[Start of Attachment]
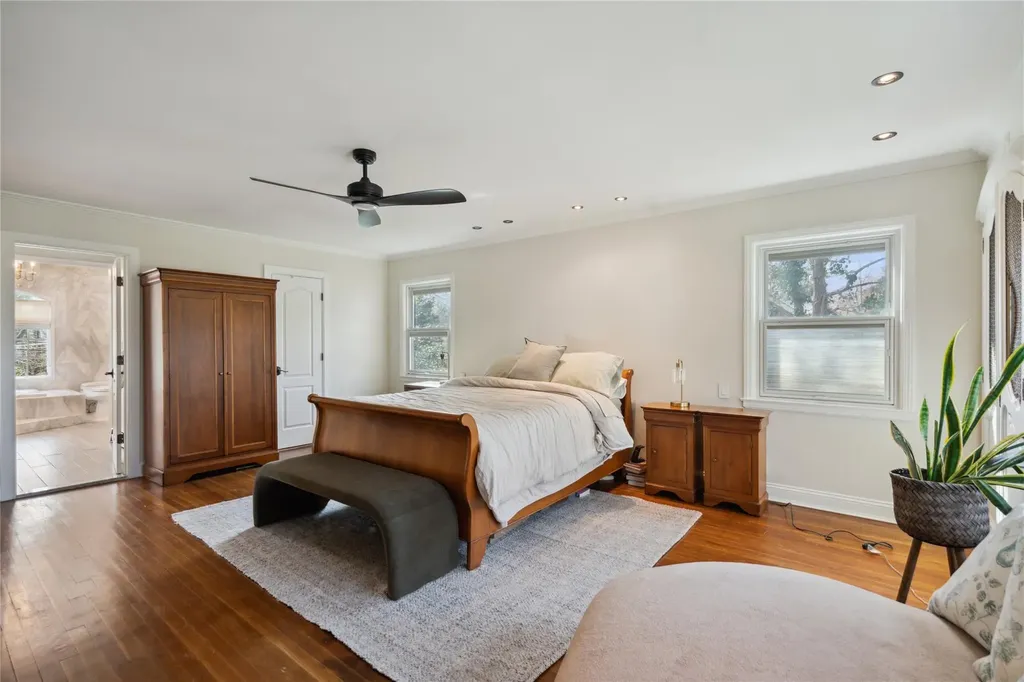 46 Wensley Drive Great Neck NY 11021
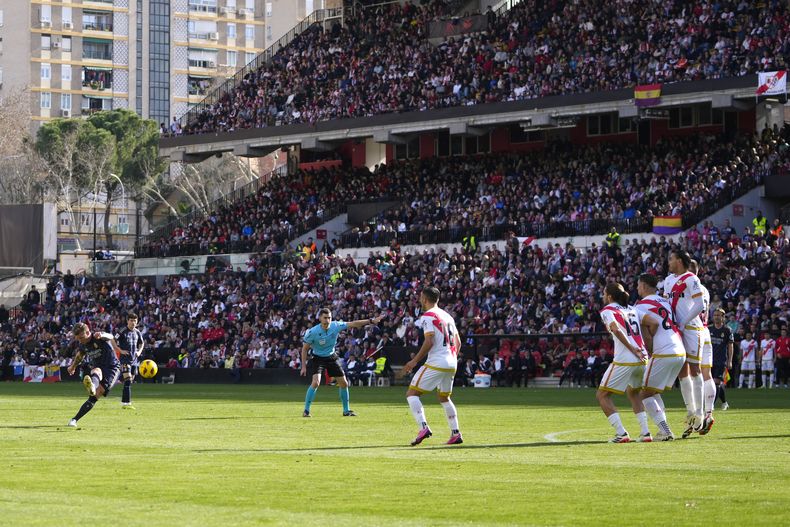 Toni Kroos (izquierda) del Real Madrid remata a gol ante el Rayo Vallecano en la Liga española, el domingo 18 de febrero de 2024, en Madrid. (AP Foto/Manu Fernández)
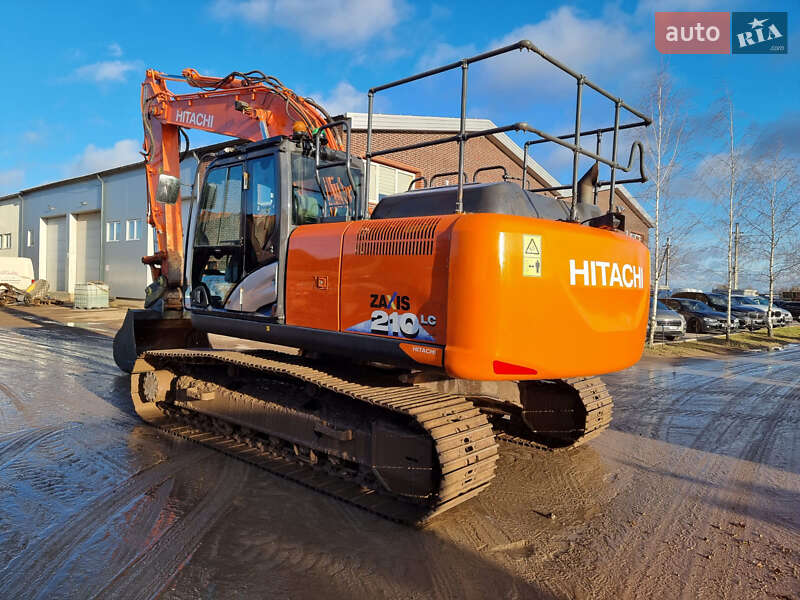 Гусеничный экскаватор Hitachi ZX 2018 в Одессе
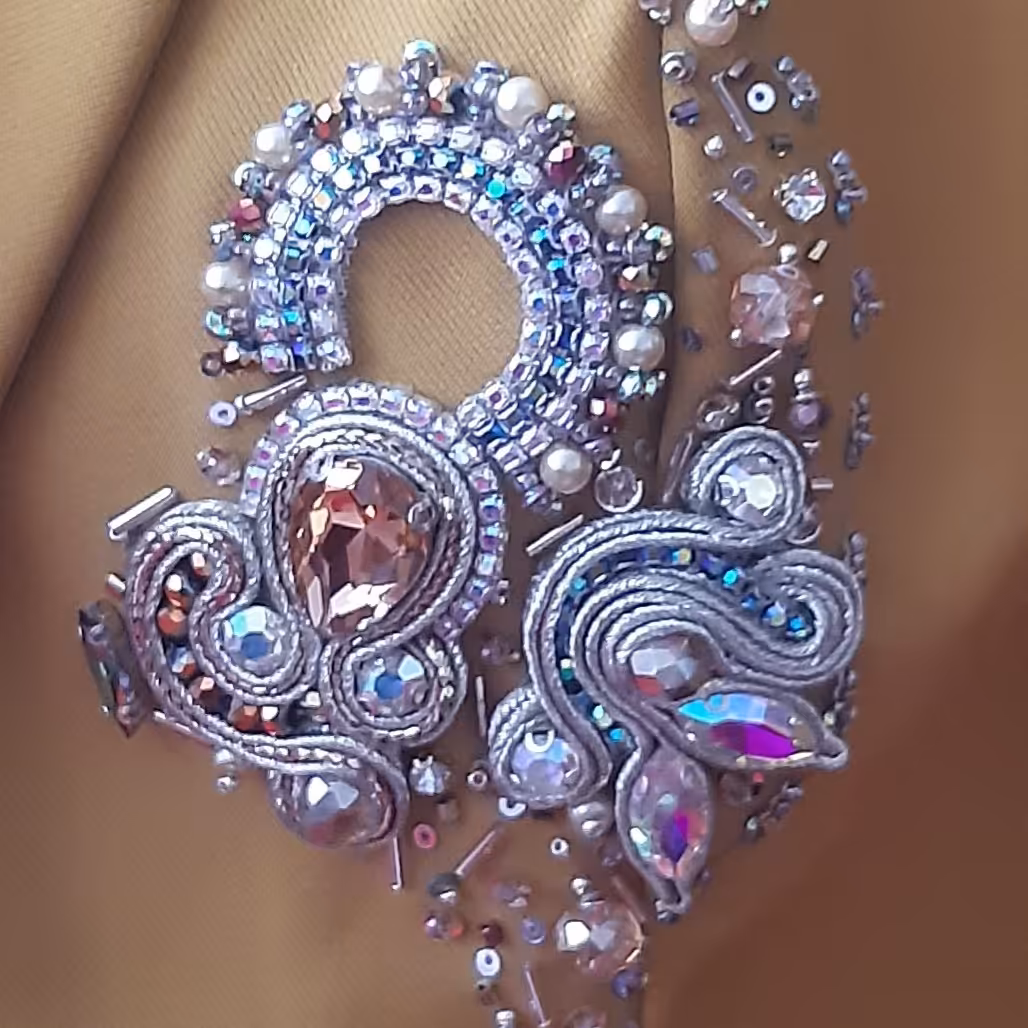 اپلیکه جواهر دوزی و آجیل دوزی فاخر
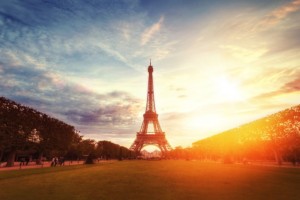 仏のエンジン車廃止目標、環境相は「真の革命」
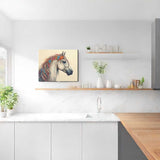 Malen nach Zahlen Bild von weißem Pferd mit Blumenkranz im modernen Kücheninterieur.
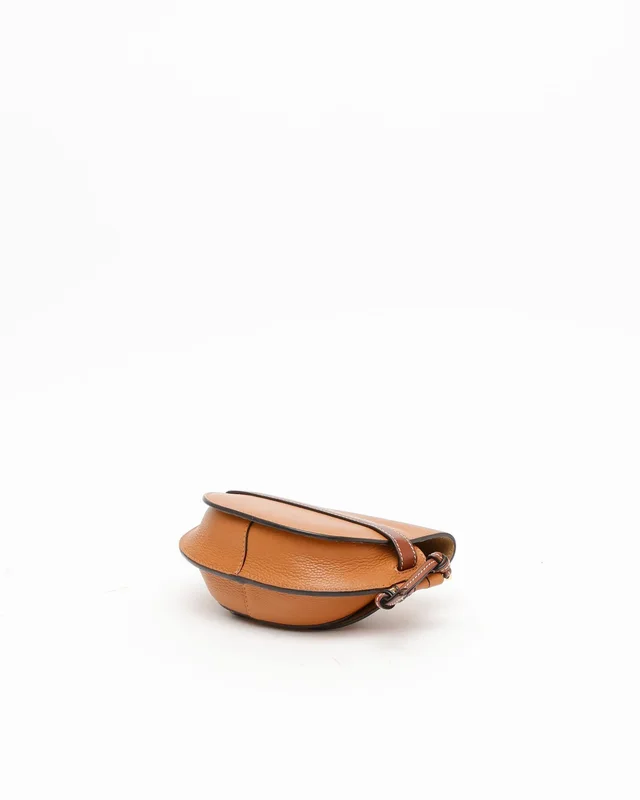 Loewe Mini Gate Crossbody Bag in Leather from A Retro Tale, photo 4 of 8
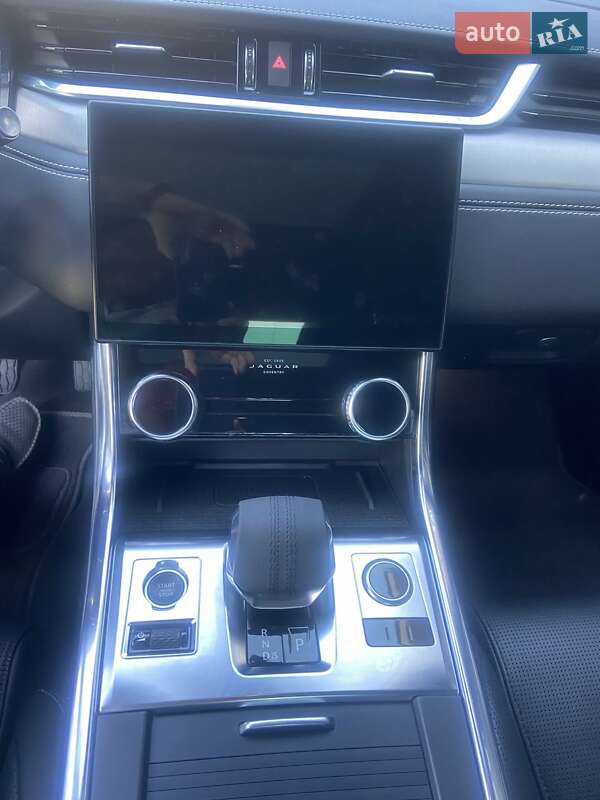 Седан Jaguar XF 2021 в Тернополе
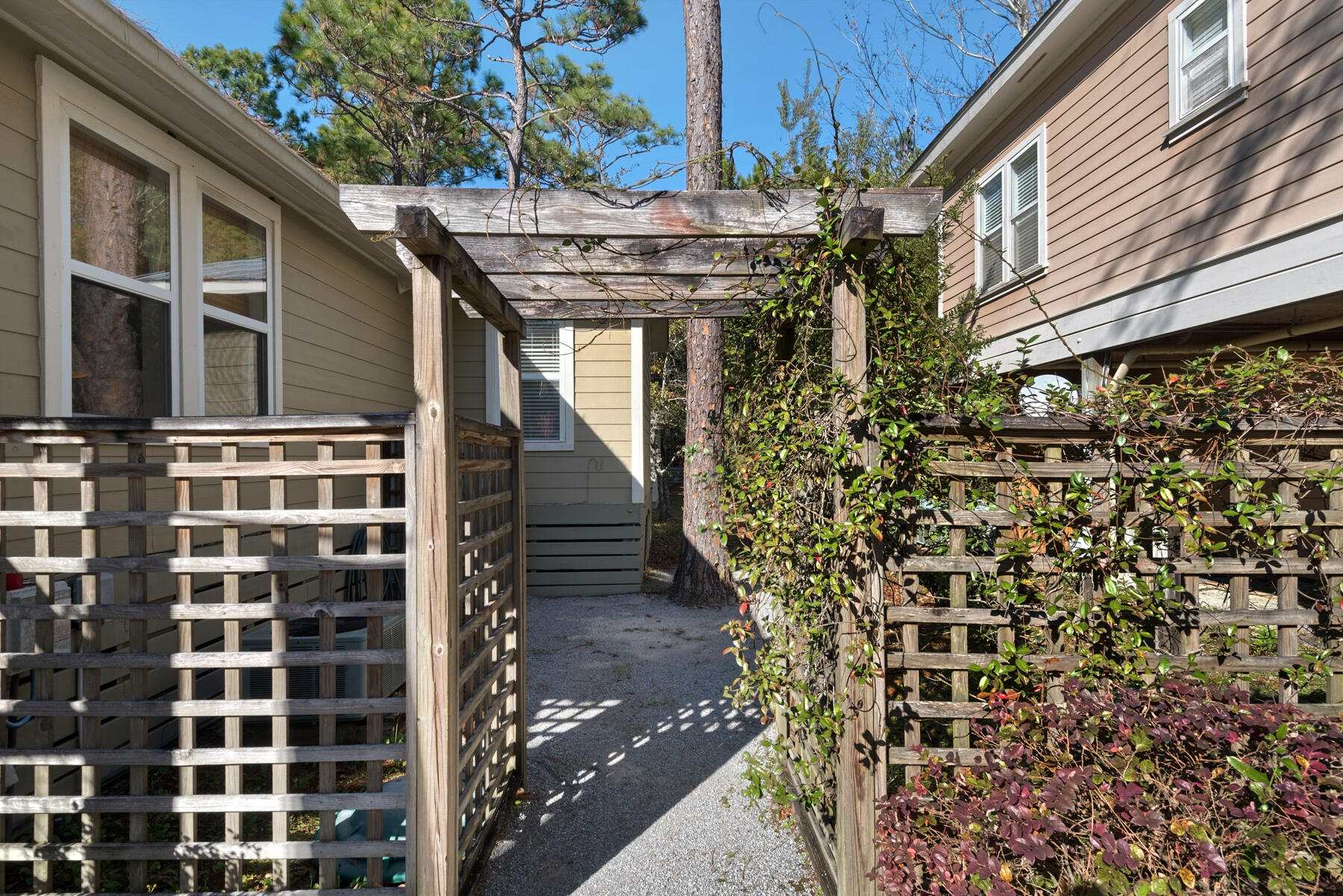 MAGNOLIA BEACH - Residential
[End of Attachment]
■ Exercise objective: Return the full material word for word. Do not include the pictures.

■ Task response:
 46 Wensley Drive Great Neck NY 11021
 Toni Kroos (izquierda) del Real Madrid remata a gol ante el Rayo Vallecano en la Liga española, el domingo 18 de febrero de 2024, en Madrid. (AP Foto/Manu Fernández)
 Гусеничный экскаватор Hitachi ZX 2018 в Одессе
 اپلیکه جواهر دوزی و آجیل دوزی فاخر
 仏のエンジン車廃止目標、環境相は「真の革命」
 Malen nach Zahlen Bild von weißem Pferd mit Blumenkranz im modernen Kücheninterieur.
 Loewe Mini Gate Crossbody Bag in Leather from A Retro Tale, photo 4 of 8
 Седан Jaguar XF 2021 в Тернополе
 MAGNOLIA BEACH - Residential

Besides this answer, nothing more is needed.